Exercise instructions: Return exactly, please, the line that contains "ete「K18YG ダイヤモンド ピアス」|ピアス|" and every line after it through the end of the material that follows, leaving pictures aside.

The data:
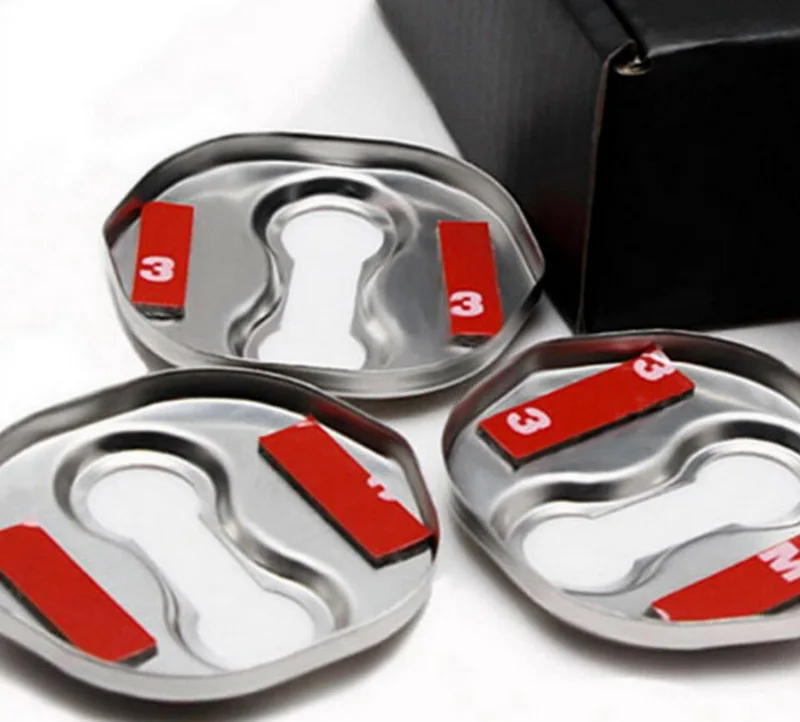 Stainless Steel Anti‑Dust Door Lock Protective Stopper Cap Trim For Santa Fe Grand SantaFe Tucson 2008‑2015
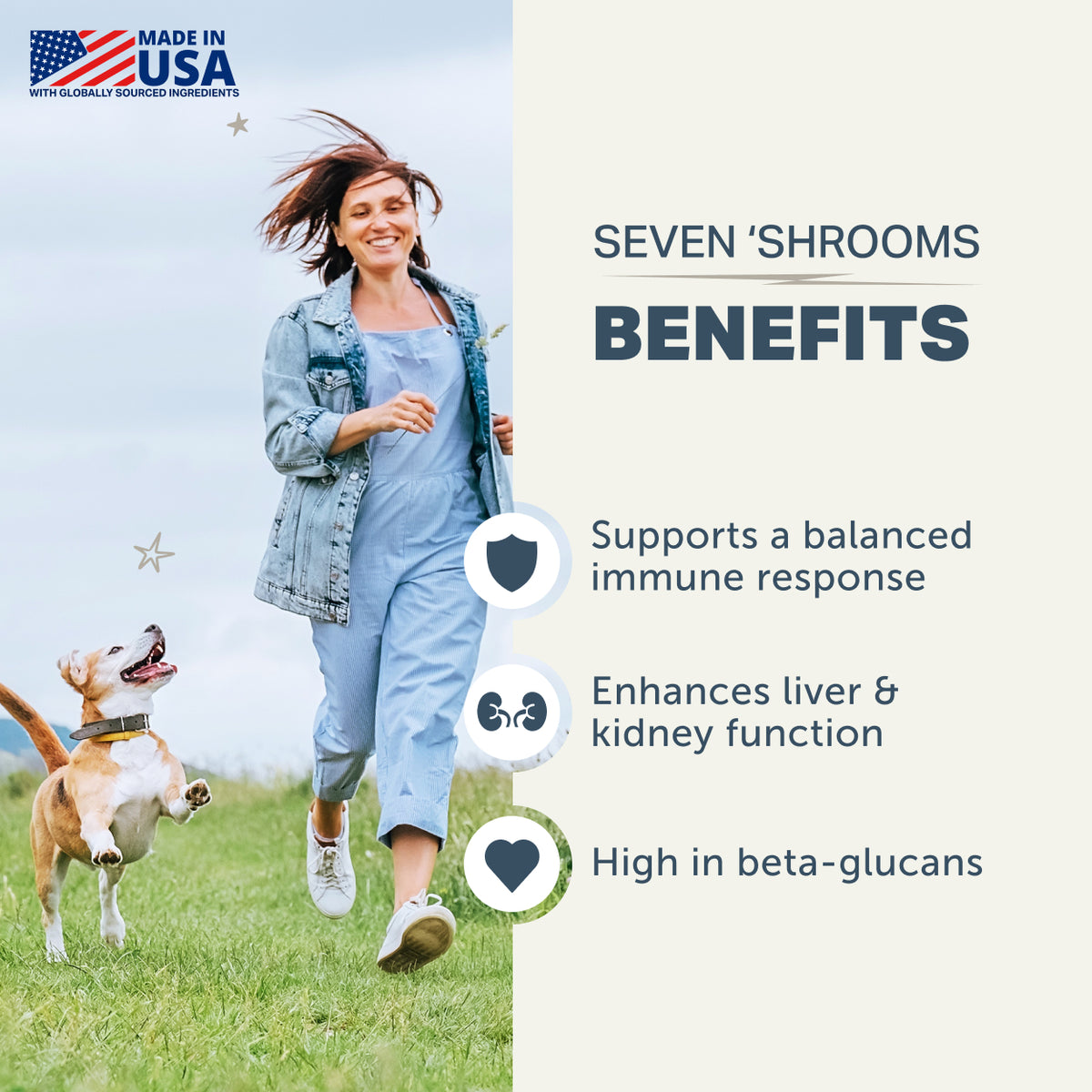 Seven Shrooms - Natural Immune Support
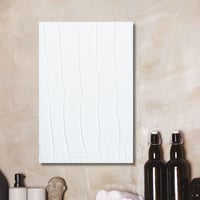 لوحة جدارية تشكيلية - فن تجريدي- مطبوعة على لوح اك...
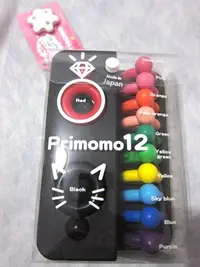 在飛比找Yahoo!奇摩拍賣優惠-【棠貨鋪】日本 Primomo 戒指造型無毒蠟筆 - 12色
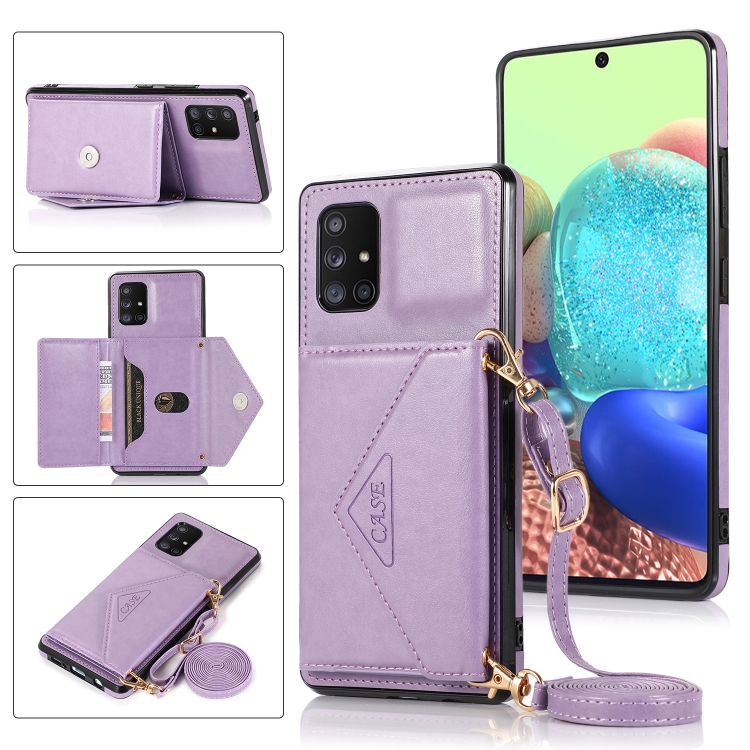 For Samsung Galaxy A11 EU Multi-functional Cross-body Card Bag
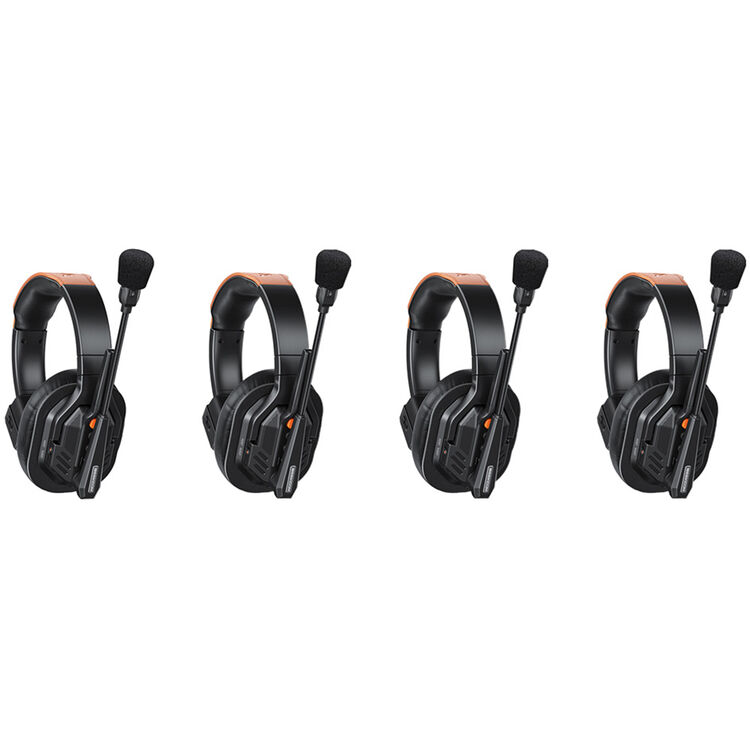 Comica Audio Seekcom S1 Wireless Intercom Headset System (Four Set)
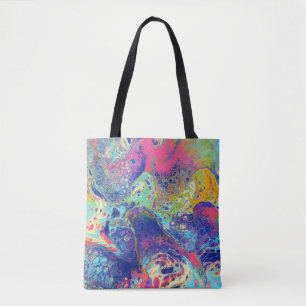 Fantabulous Acrylic Pour All Over Tote Bag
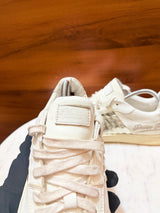 Philipp Plein Metallic Side-Striped Leather Sneakers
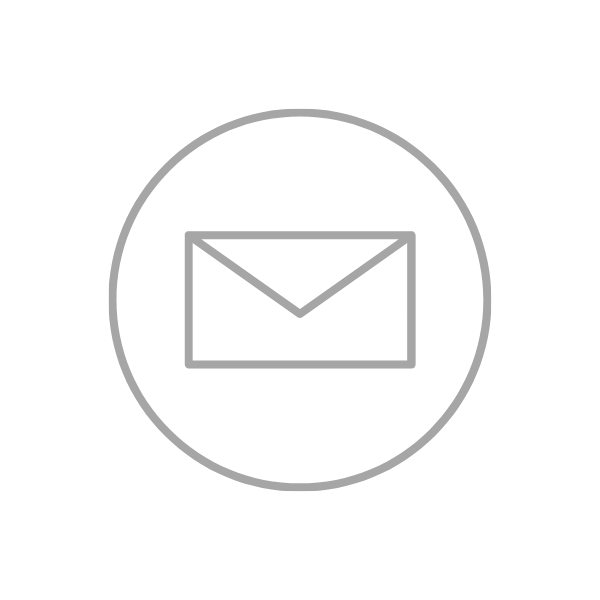 Email icon with envelope inside a circle.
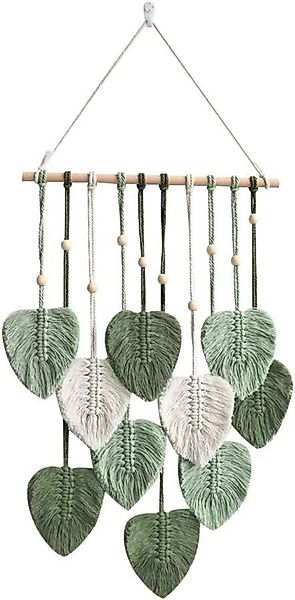 Kaket Hängedekoration Blatt Makramee Wandbehang, Boho günstig online kaufen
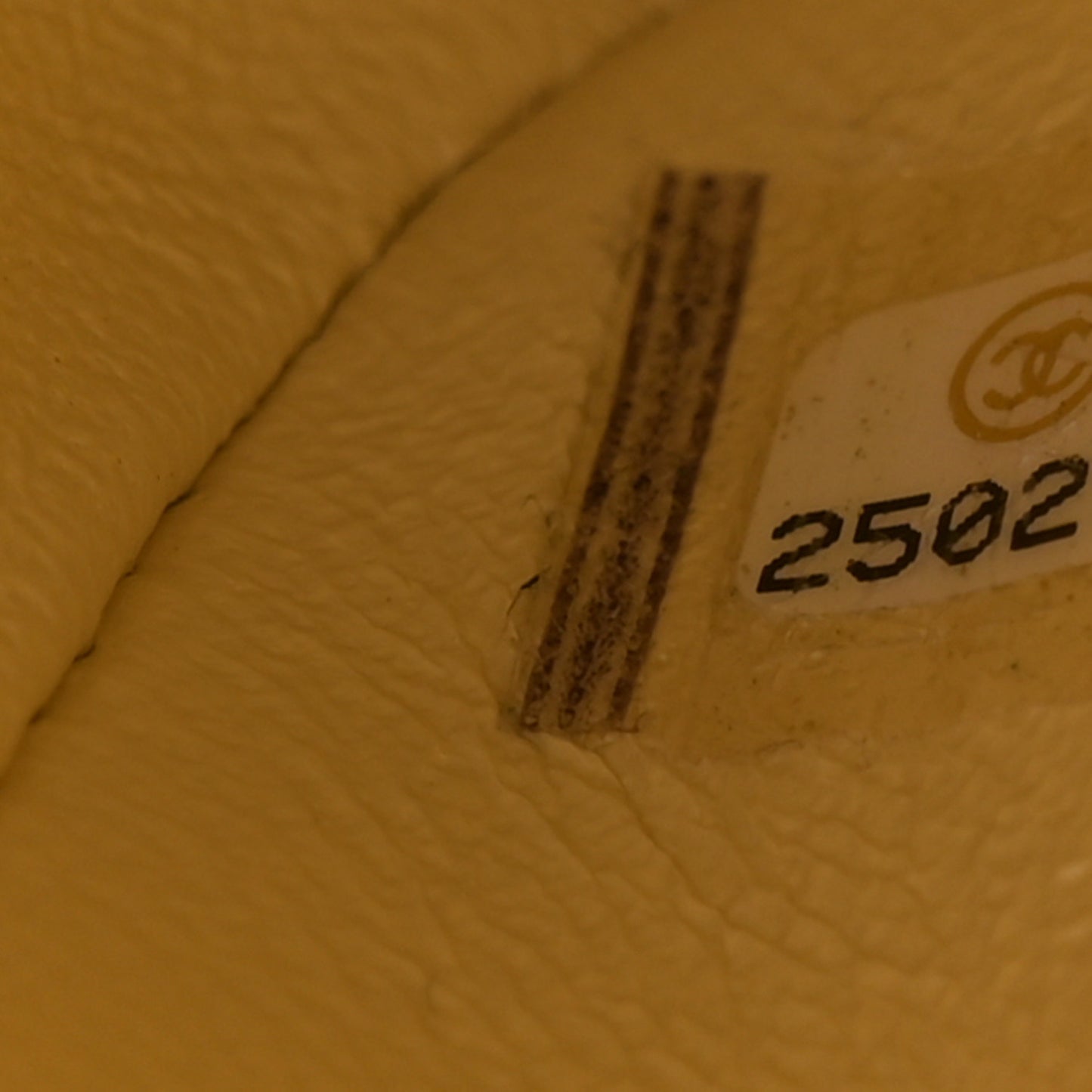 Caviar Quilted Medium Double Flap Light Yellow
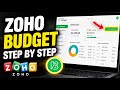 How to budget with Zoho - Step By Step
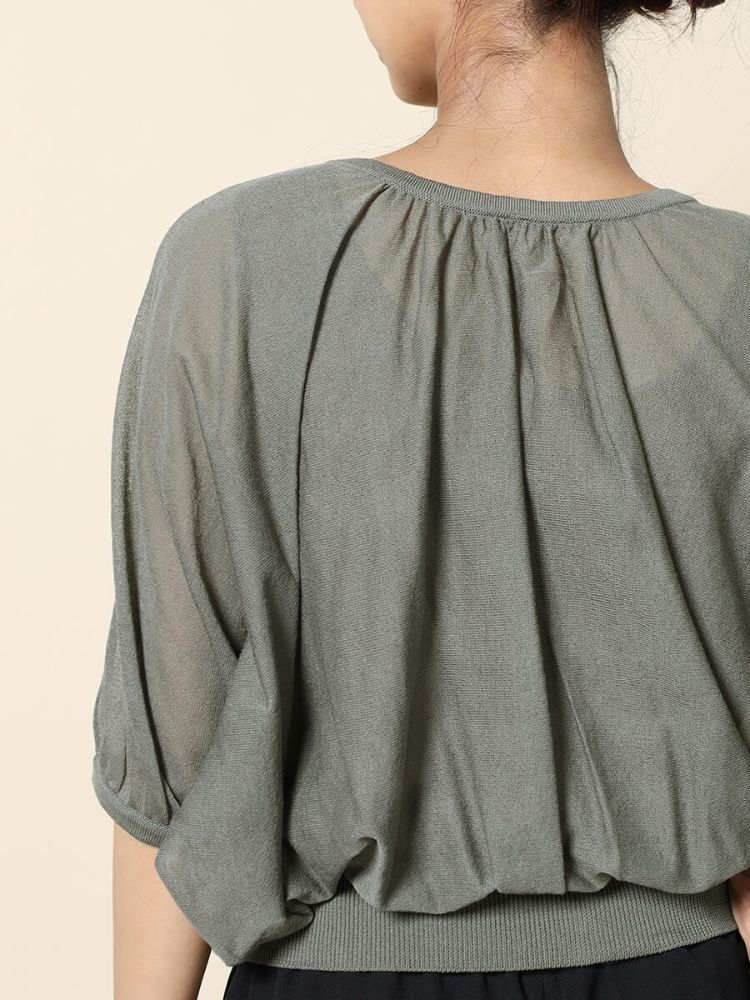 フェンネル FENNEL パールアクセントシアーカーディガン (サンドベージュ) サンドベージュ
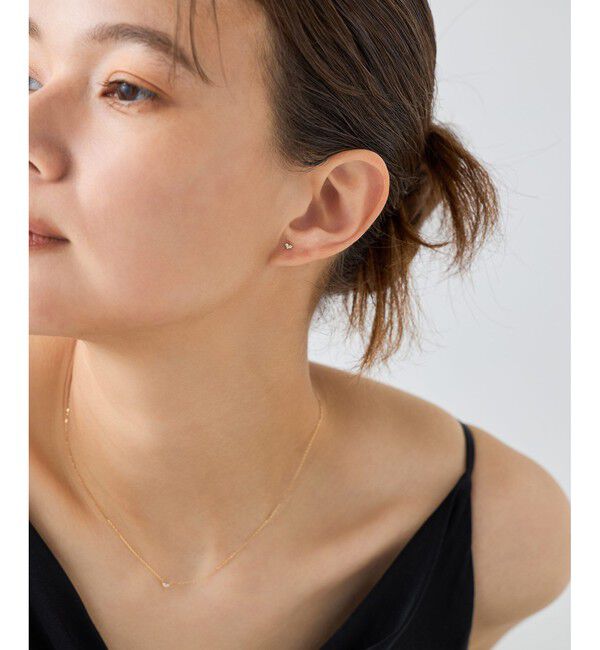 ete「K18YG ダイヤモンド ピアス」|ピアス|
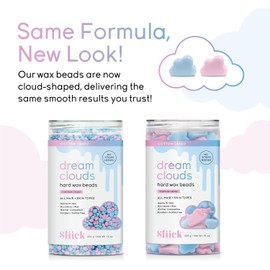 Sliick Cera Dura Dream Clouds en Perlas, Depilación Suave para Rostro y Cuerpo, 473.2 ml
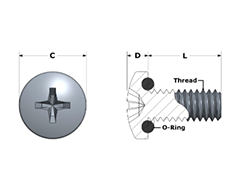 METRIC PAN HEAD WITH CROSS RECESS DRIVE (PHILLIPS)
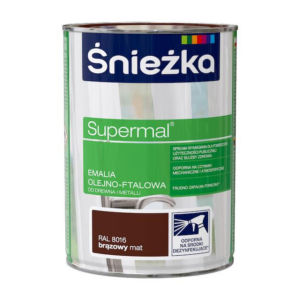 Emalia ftalowa Supermal 0,8 brąz mat RAL 8016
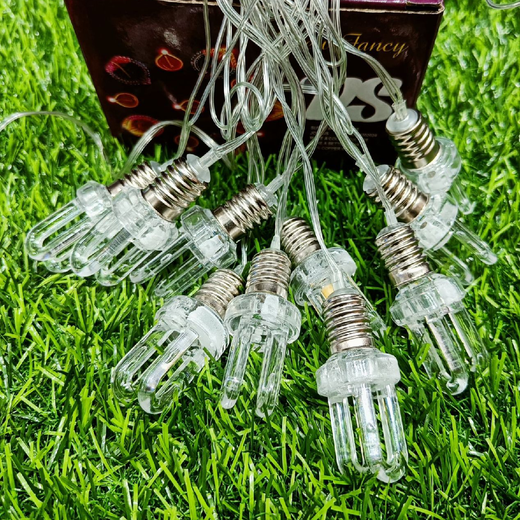 Big Holder Design Crystal Bulb String Light (10 Bulb) ✨💡 - Image 3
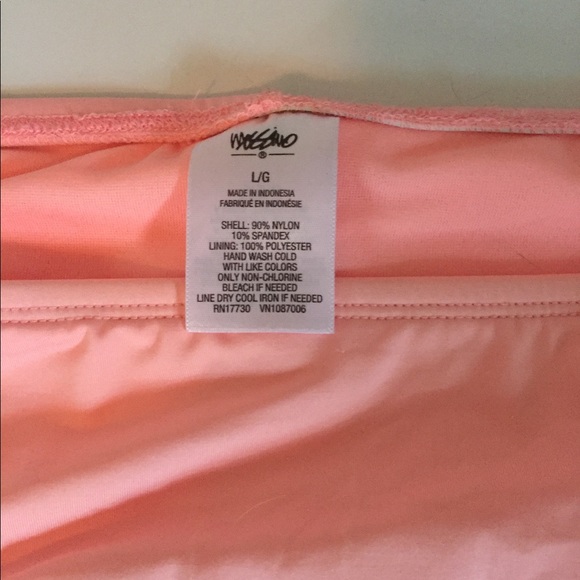 🆕 [Mossimo] Peach Lined Bikini Bottoms Sz: L - Picture 5 of 5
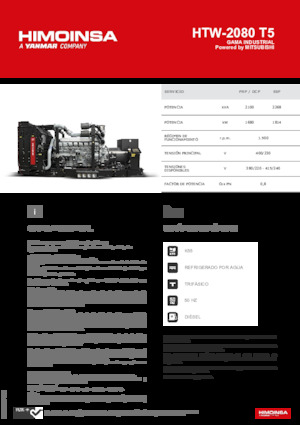 Generatori diesel HIMOINSA HTW-2080 T5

Problem solution:
 ete「K18YG ダイヤモンド ピアス」|ピアス|
 Sliick Cera Dura Dream Clouds en Perlas, Depilación Suave para Rostro y Cuerpo, 473.2 ml
 METRIC PAN HEAD WITH CROSS RECESS DRIVE (PHILLIPS)
 Emalia ftalowa Supermal 0,8 brąz mat RAL 8016
 Big Holder Design Crystal Bulb String Light (10 Bulb) ✨💡 - Image 3
 🆕 [Mossimo] Peach Lined Bikini Bottoms Sz: L - Picture 5 of 5
 Generatori diesel HIMOINSA HTW-2080 T5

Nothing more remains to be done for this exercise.